Captioned web images
-----

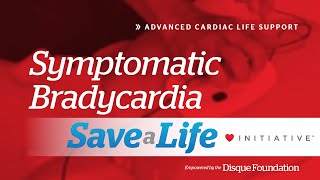 7f Symptomatic Bradycardia 2024 [upl. by Loydie]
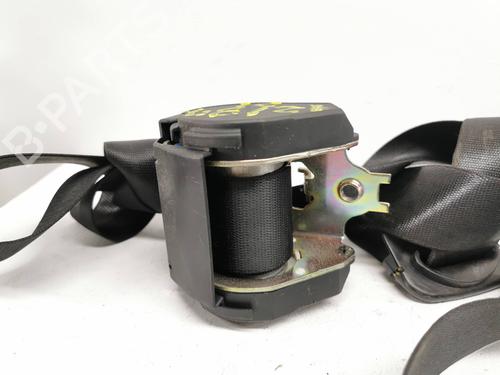 Front left seatbelt BMW 3 Compact (E46) 320 td | BP8719012I26 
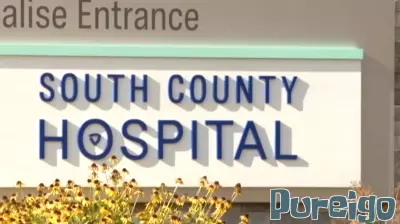 South County Health Explores Potential Partnership to Maintain Independence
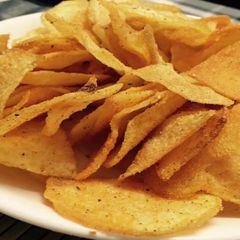Snack Lay's Sour Cream & Onion 184.2g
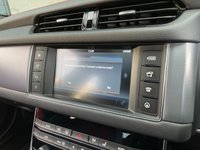 USED 2017 66 JAGUAR XF 2.0 D R-SPORT AWD 4d 177 BHP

-----

*TASK GOAL*
Nothing but the lines from the line with "Front left seatbelt" through the last line of the data above should be printed, exactly as written and without pictures.

*FINISHED TASK*
 Front left seatbelt BMW 3 Compact (E46) 320 td | BP8719012I26 
 South County Health Explores Potential Partnership to Maintain Independence
Snack Lay's Sour Cream & Onion 184.2g
 USED 2017 66 JAGUAR XF 2.0 D R-SPORT AWD 4d 177 BHP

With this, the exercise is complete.